5. It is good practice to always save your work as you are going over an assignment. Just do `<Command> + S` to save or go to File>>Save and Checkpoint
6. If you want to comment out a particular line/lines of your code simply select the line and press `<Command>+<?>`
For more common mistakes and gotcha's take a look at Niraj's <a href="https://drive.google.com/a/berkeley.edu/file/d/0B7D7GRdrAwBDQ2J3cGFZYzdjTTQ/view?usp=sharing">guide</a>

Programming in Python
=========

**Note:** This chapter is very important, especially if you have no previous coding experience. I would suggest trying to familiarize yourself as soon as possible with writing code since this will make your life a lot easier when it comes to homeworks and labs (and even exams). I will include some practice exercises in the end of the notebook for you to practice on your own time.

**Note 2:** I will try to take a different stance in talking about python compared to the textbook since just repeating the textbook material won't be of too much help.

<h2> Table of Contents </h2>

* **<a href="#basics">Python Basics</a>**
    * <a href="#calc">Simple Calculator</a>
    * <a href="#bnum">Beyond numbers</a>
    * <a href="#data">Basic Data types</a>
    * <a href="#basic_exe">Python Basics Exercises</a>
* **<a href="#advanced">Advanced Programming</a>** 
    * <a href="#pacs">Packages and built-in functions</a>
    * <a href="#arrays">Arrays</a>
    * <a href="#ranges">Ranges</a>
    * <a href="#advanced_exe">Advanced Programming Exercises</a>
* **<a href="#table">Tables</a>**
    * <a href="#table_manip">Table Manipulation</a>

<a id="section"></a>
<h2> Python Basics </h2>

**Python comments**

These are parts of your code that the compiler ignores and which you can add to explain what you are doing

For example:

In [None]:
# This is a one line comment

<a id="calc"></a>
**Simple calculator**

In [None]:
#In its simplest form, you can think of Python as a fancy calculator
#Much like any calculator, you can type in an expression in a cell and press shift+Enter to run the cell
#e.g.
1+2

In [None]:
#Note: the notebook displays the value of the last expression in the cell
1+2 #You can't see me
2+2 #I am the last expression so you can see me

In [None]:
# Operations in Python
# Addition
1+2 

In [None]:
# Subtraction
2-1

In [None]:
# Multiplication
2*3

In [None]:
# Division
1/2

In [None]:
# Exponentiation
2**3 # base**exponent, 2 raised to the 3rd power

In [None]:
# Remainder
5%2 # Use the % sign to express the remainder of the Euclidean division between 5 and 2

In [None]:
# Order of operations: These are some rules that dictate which operation happens first
# This is no different than what you learned in highschool algebra
1 + 2**2 / 2 * 5 # First, exponentiation takes place, then division and multiplication and finally addition and subtraction

In [None]:
# If we want to give priority to some subexpressions, we use ()
(1+2**2)/(2*5) #Everything inside parentheses will be evaluated first and then we follow the rules of the order of operations

<a id="bnum"></a>
**Beyond numbers**

* **_Names and Assignment Statements_**

In Python, we use assignment statements to bind a value to a name: this "saves" or "stores" the value in the name, and we can then use the name as a variable.

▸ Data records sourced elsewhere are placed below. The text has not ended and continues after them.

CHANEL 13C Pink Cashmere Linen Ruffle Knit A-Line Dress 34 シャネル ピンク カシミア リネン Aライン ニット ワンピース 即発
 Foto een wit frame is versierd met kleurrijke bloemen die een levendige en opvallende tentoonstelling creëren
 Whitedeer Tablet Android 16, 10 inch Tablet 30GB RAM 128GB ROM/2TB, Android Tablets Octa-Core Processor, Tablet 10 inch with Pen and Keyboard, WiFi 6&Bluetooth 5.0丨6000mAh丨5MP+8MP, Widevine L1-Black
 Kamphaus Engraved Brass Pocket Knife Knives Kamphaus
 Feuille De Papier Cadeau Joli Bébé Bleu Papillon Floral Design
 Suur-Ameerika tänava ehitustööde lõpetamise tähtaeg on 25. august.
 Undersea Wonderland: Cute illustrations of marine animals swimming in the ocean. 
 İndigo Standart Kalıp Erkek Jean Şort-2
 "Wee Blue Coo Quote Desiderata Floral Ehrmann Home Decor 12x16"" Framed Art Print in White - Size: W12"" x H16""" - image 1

Each name can only be bound to one value!
Try to keep your names simple and as indicative of the variable content as possible.

In [None]:
number1 = 1 #assign the value 1 to the name number1
number2 = 2
result = number1 + number2
result

* **_Call Expressions_**

We 'call' functions on a value or values to perform an action on the value(s), which are called argument(s). Python contains several built-in functions, such as abs (absolute value function) and max (finds the maximum value of the arguments). You can find a list of built-in functions here: https://docs.python.org/3/library/functions.html

In [None]:
#max function
max(1,2,3) #passes the arguments 1, 2, and 3 into the function max and calls it

<a id="data"></a>
* **_ Basic Data types_**

|       Type       |                     Example                    | Description                                                                                                                                                                                                                                                                                                               |
|:----------------:|:----------------------------------------------:|---------------------------------------------------------------------------------------------------------------------------------------------------------------------------------------------------------------------------------------------------------------------------------------------------------------------------|
| Integer (`int`)  |                   `age = 19`                   | In Python, we refer to integers as whole numbers. You can think of those as every number without a decimal place. Remember though that 5.0 is NOT an integer but 5 is.                                                                                                                                                    |
| Float (`float`)  | `macs_per_student = 1.0` OR `one_half = 0.5`   | Float numbers are numbers with decimals. You can use them in operations just like integers. As we saw above, the result of an operation between integers can give you a float number. The division operator always returns a float.                                                                                                                                      |
|  String (`str`)  | `student_name = 'Tom'` OR `student_name="Tom"` | Strings are a data type meant to denote regular text. There are two ways to denote a string; either with a single quote ' or with double quotes " as in the example. Beware that in general, you cannot use the same operations we used on integers on strings (although there are some exceptions we will discuss later) |
| Boolean (`bool`) | `1 > 2` OR `True`                              | Booleans are a special data type which is the result of a logical operation. You can think of them as the answer to a true or false question. A variable can either have a value of `True` or `False`, or a logical expression that evaluates into one of those.                                                          |

**Integers and Floating Point Numbers:**

In [None]:
int1 = 10
int2 = 2
a_float = int1/int2 #Division always returns a float, even if the dividend and divisor are both integers
a_float

In [None]:
#Floats will automatically convert to scientific notation when appropriate, but integers won't. 
#Also, floats only remember the first 16 decimal places: note that an_int has more digits than sci_notation
sci_notation = 2.0**100
an_int = 2**100
print("Float: ", sci_notation)
print("Int: ", an_int)

In [None]:
#Watch out for roundoff error with floats
not_two = (2**0.5)*(2**0.5) #Normally, we expect 2, but...
not_two

**Strings**

In [None]:
#An example of a string
name = "Vasilis" # same as name ='Vasilis'
name

In [None]:
#Concatenating two strings into one using the + operator
greeting = "Hello " + name + "! It is nice to meet you."
greeting

In [None]:
#Make sure to add spaces when you need them
stuck = 'stuck'
together = 'together'
stuck + together

In [None]:
#Concatenation only works on strings! 
#The following print statement causes an error:
age = 19
print("I am " + age + " years old.") #Age is an integer, not a string

In [None]:
#However, you can convert between types! 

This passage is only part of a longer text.